1. The most pressing immediate challenge faced by households and firms is undoubtedly that of the cost of living. Government’s main anti-inflation measure is the strategic decision to protect families and businesses from international increases in the cost of energy and fuel. This €350 million support is removing a burden of at least €2,000 on the average household in terms of outlays on electricity bills and on petrol and diesel.

2. For those households with incomes below the national average, the Government has reinvigorated the additional cost-of-living mechanism that it had introduced in the previous Budget. While all workers and those on benefits benefit from the standard COLA increase, which will be almost €13 per week, those on below-average incomes are given an additional benefit paid by the Government. This support will benefit 95,000 families and amounts to between €100 and €1,500 depending on family income and members. For example, a couple with two children where one earner is on the minimum wage qualifies for a benefit of €760, or nearly €15 per week, while the same family but on the average wage are eligible for half of this amount.       

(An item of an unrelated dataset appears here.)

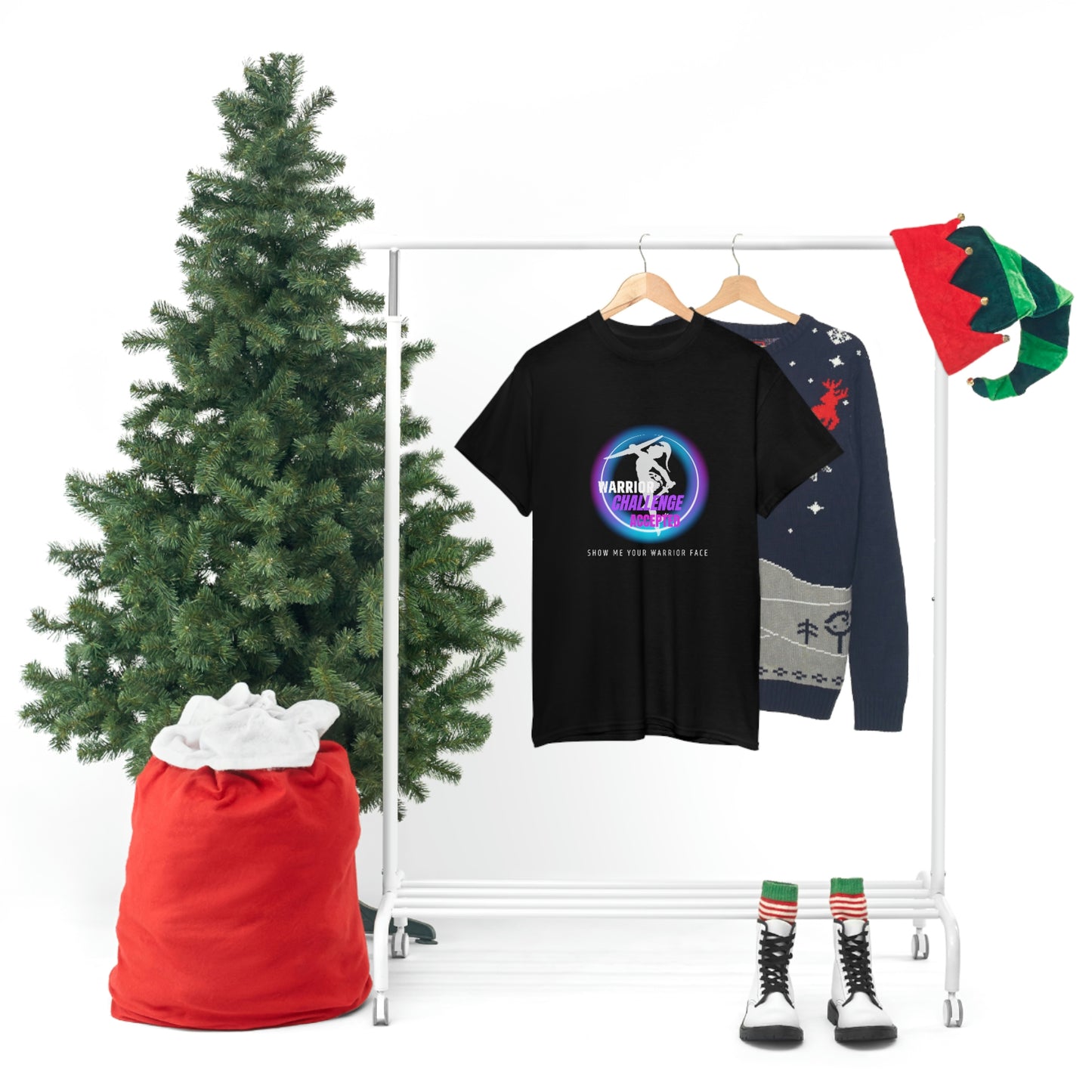 Warrior Challenge Accepted Shirt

3. Workers on the minimum wage will benefit from the biggest increase ever granted, reaching up to €18 a week over the next four years on top of the annual COLA. Next year a worker on the minimum wage will see an increase inclusive of COLA of €21 per week. This is equivalent to a 10 per cent increase or about 40 days more pay at the current rate.

The government also concluded several collective agreements with essential workers, including those covering nurses, midwives, and police officers. These workers will benefit from pay increases of around €70 million. This while negotiations with other public sector workers are progressing.

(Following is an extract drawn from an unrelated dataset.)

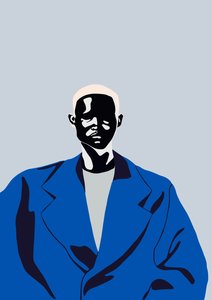 Casaco Azul, 2016, (digital)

4. Workers on low incomes with children will be given an increase of €50 per child in the in-work benefit. This follows the widening of eligibility legislated last year. The increase granted next year will be the first of four that will benefit these workers in this legislature.

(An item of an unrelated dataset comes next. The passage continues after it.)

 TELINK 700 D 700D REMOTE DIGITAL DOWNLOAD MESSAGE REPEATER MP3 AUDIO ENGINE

5. All parents will receive the biggest increase ever in children’s allowance, exactly on the 50-year anniversary of the establishment of this benefit. This increase will be of €250 per child, or almost three times the increase granted in the previous Budget.

6. For pensioners the increase will also be the best ever granted. All pensioners will get an increase of at least €15 per week, while various sub-groups of pensioners will benefit from additional increases. For instance widow/ers will on average get an increase of €17 per week. Furthermore, Government will start to address the anomaly created by a Nationalist administration in the maximum pension between those born before and after 1962. Those born before 1962 had a frozen maximum pension, which  now will be gradually increased to reach that of pensioners born after 1962.

7. The Budget attaches particular importance to programmes to improve skills. For this purpose, the Government will introduce a special allowance for parents whose children continue to study after the compulsory age. They will now benefit from a grant of €500 per year for three years. Government will also improve stipends again, especially for those who train in courses deemed to be in line with the country’s economic and social priorities. 

8. Another important election promise that will start to be fulfilled will be that of enacting a socio-economic regeneration plan. While Malta has progressed greatly in the last decade, there are a number of localities that have not benefitted fully from this progress or have had to bear more than others the associated burdens of economic activity. To this end, these localities will be given priority in relation to environmental, urban greening and infrastructural projects. Moreover there will be special incentives for firms operating in these localities. 

9. The Budget also includes the largest public investment programme in history, with an allocation of more than one billion euros. Around half of this investment will be on environmental projects, the strengthening of the energy sector, industrial infrastructure as well as the national airline. Another third will be for the purposes of health, education, and physical infrastructure. Gozo will also be given the largest allocation it has ever received, especially through funds for sustainable urban development. To lessen the burden of development on Gozo, the lower stamp duty incentive for those purchasing a property will be removed and instead the incentive to purchase UCA, vacant or traditional properties will be strengthened.

10. Finally, the Budget includes twice as many open and green spaces projects as the previous one. These projects will create new or regenerated spaces of around 80,000 square metres, or eleven and a half times the national stadium. The focus will be on projects in the centre of the community, so to help achieve the election promise that everyone can walk to an open or green space in a matter of ten minutes.